▼
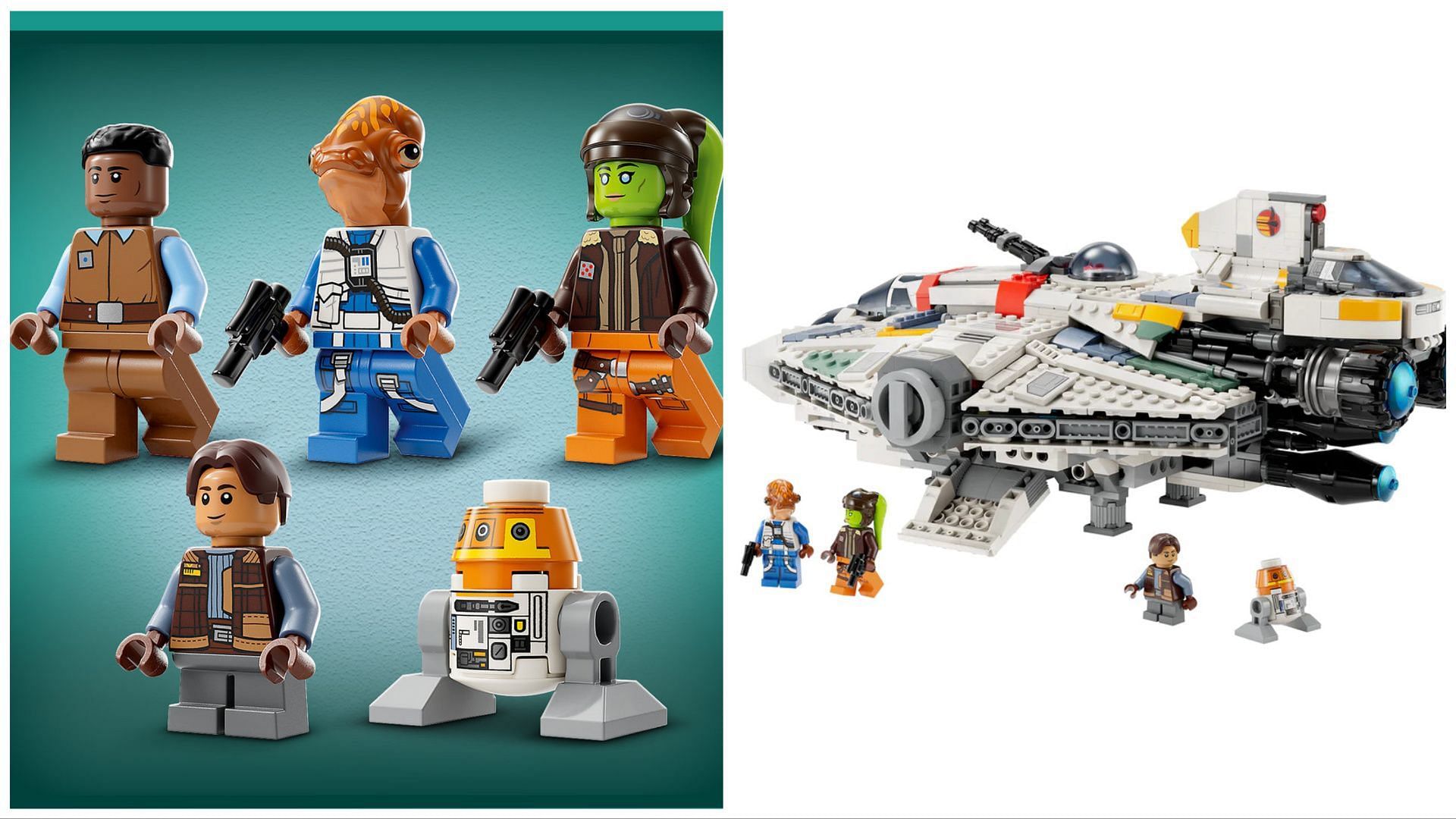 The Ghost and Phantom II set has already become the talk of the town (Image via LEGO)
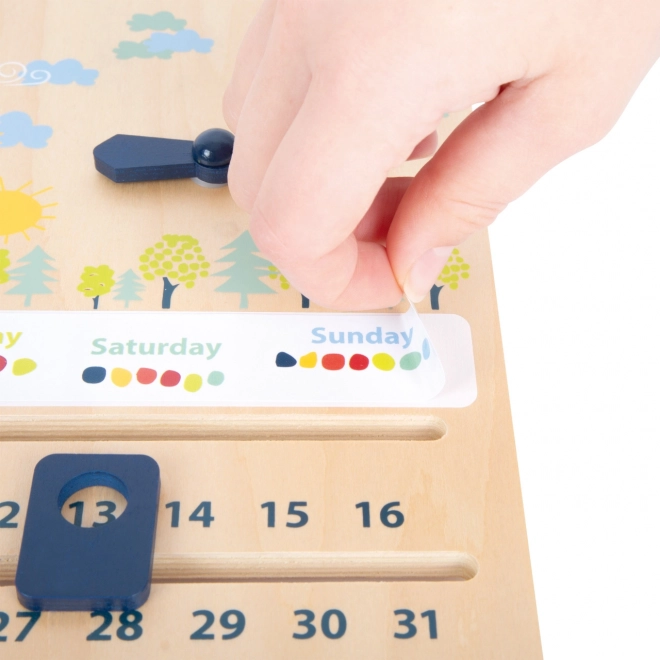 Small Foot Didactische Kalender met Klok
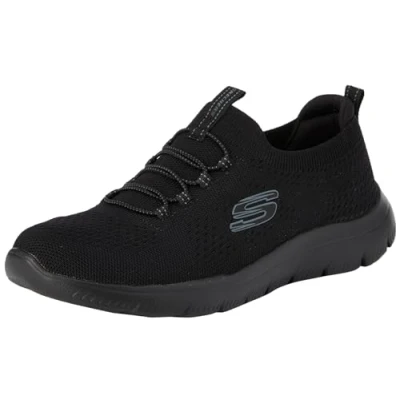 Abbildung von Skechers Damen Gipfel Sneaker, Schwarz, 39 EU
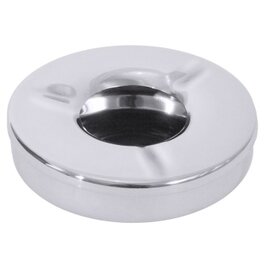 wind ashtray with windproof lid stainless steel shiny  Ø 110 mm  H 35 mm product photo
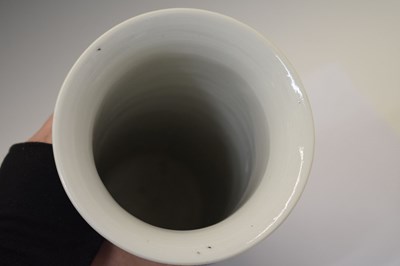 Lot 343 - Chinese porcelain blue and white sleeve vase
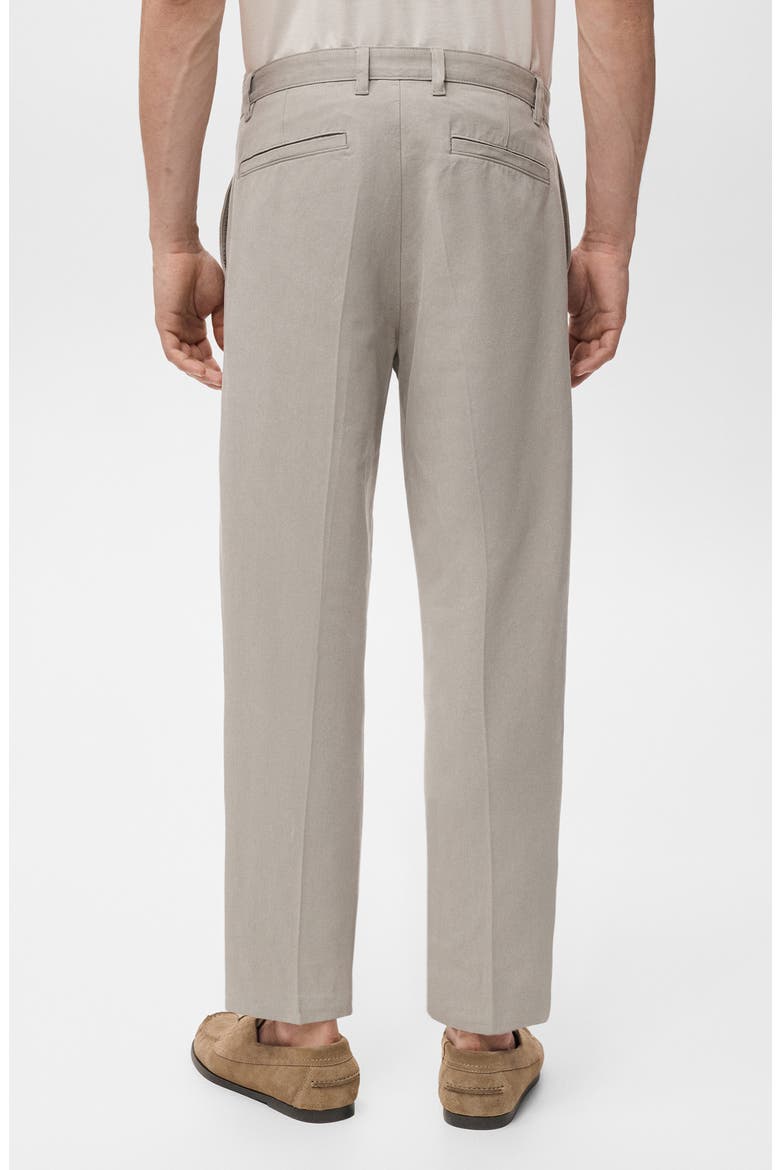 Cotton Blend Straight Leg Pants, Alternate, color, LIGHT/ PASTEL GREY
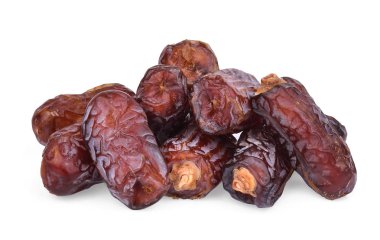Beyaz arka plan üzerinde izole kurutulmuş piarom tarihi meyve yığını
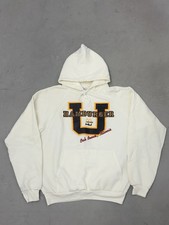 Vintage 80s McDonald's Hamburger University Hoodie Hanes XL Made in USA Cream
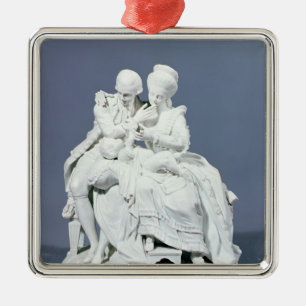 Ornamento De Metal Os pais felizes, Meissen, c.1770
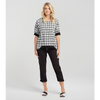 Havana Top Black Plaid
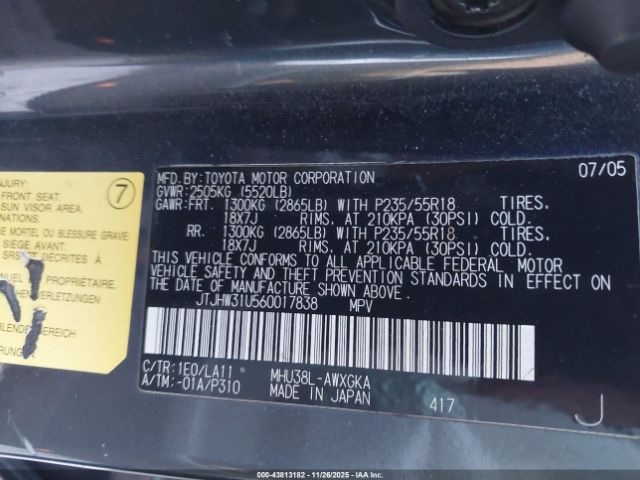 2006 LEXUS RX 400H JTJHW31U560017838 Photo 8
▲
Would you please copy, exactly and only, the lines from the one with "Small Foot Didactische Kalender met Klok" through the end of the entries above, skipping every picture?

> Output of the task
 Small Foot Didactische Kalender met Klok
 Abbildung von Skechers Damen Gipfel Sneaker, Schwarz, 39 EU
 wind ashtray with windproof lid stainless steel shiny  Ø 110 mm  H 35 mm product photo
 Lot 343 - Chinese porcelain blue and white sleeve vase
 Cotton Blend Straight Leg Pants, Alternate, color, LIGHT/ PASTEL GREY
Beyaz arka plan üzerinde izole kurutulmuş piarom tarihi meyve yığını
 Vintage 80s McDonald's Hamburger University Hoodie Hanes XL Made in USA Cream
 Ornamento De Metal Os pais felizes, Meissen, c.1770
 Havana Top Black Plaid
 2006 LEXUS RX 400H JTJHW31U560017838 Photo 8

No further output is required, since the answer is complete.